StillWill wrote:Are you saying he won the second round? Yes he defended but he took a lot more damage, and didnt do any damage in return thus he easily lost the round. The first round imo was like 60-40 for Fedor.

He was competitive in all his losses but he still lost. He went from dominating his opponents to losing to them. Simple as that. Hes still probably skilled enough to potentially win against any HW in the world even now, although there are guys I would put as favorites over him.

At the end of the day what Fedor did was very special and he was the best of his class and the longest to last. Kudos on an amazing career.
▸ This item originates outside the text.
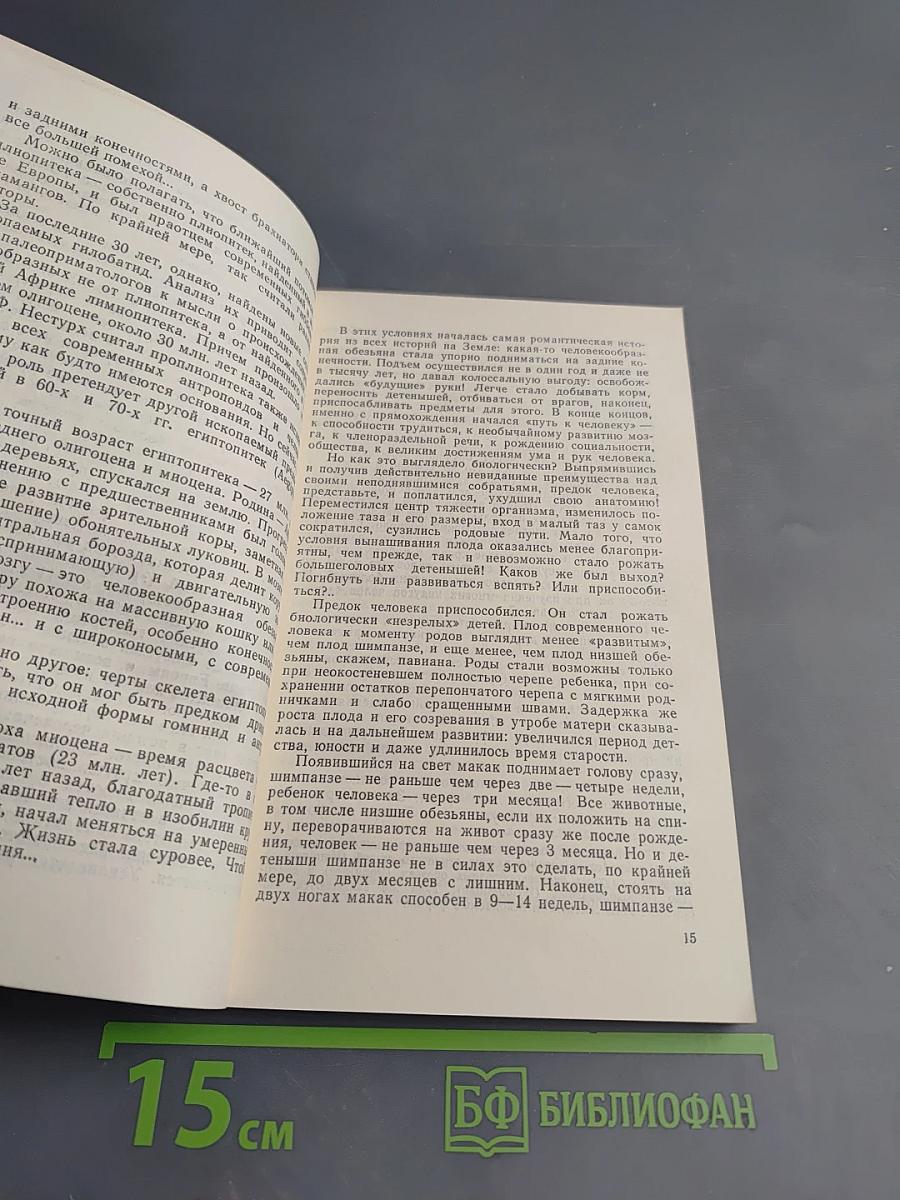 Занимательная приматология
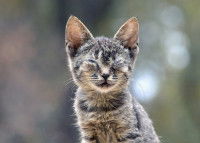Un chat gris tabby avec les yeux fermés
Maybe he can still rack up a couple more signature wins before he hangs them up. Who knows.

No I'm not saying he won the second round.

On the Fedor 'being competitive" note, that only applies to the Sliva fight. For the Werdum and Henderson fights he was dominating them for until the final seconds of each fight.

My point is that the whole world to some degree is throwing the baby out with the bath water on Fedor after the losses. None of them proved he still isn't a top-tier striker or grappler. He was winning 2 fights pretty well until they ended suddenly. In the 3rd fight no one was finished nor was there a decision. What they proved is that he not infallible. Not infallible for only seconds in the first two fight and for most of one round in the Bighead fight which Bighead did not beat him technically by KO, submission or decision.

IMO - Fedor is about as on the down side of prime... skill-wise as Barnett, Overeem, Werdum or Silva is. His skills were still good enough to be beating Werdum and Henderson, and to split rounds with Silva getting himself of of a sure death situation to face the bell for the 3rd round.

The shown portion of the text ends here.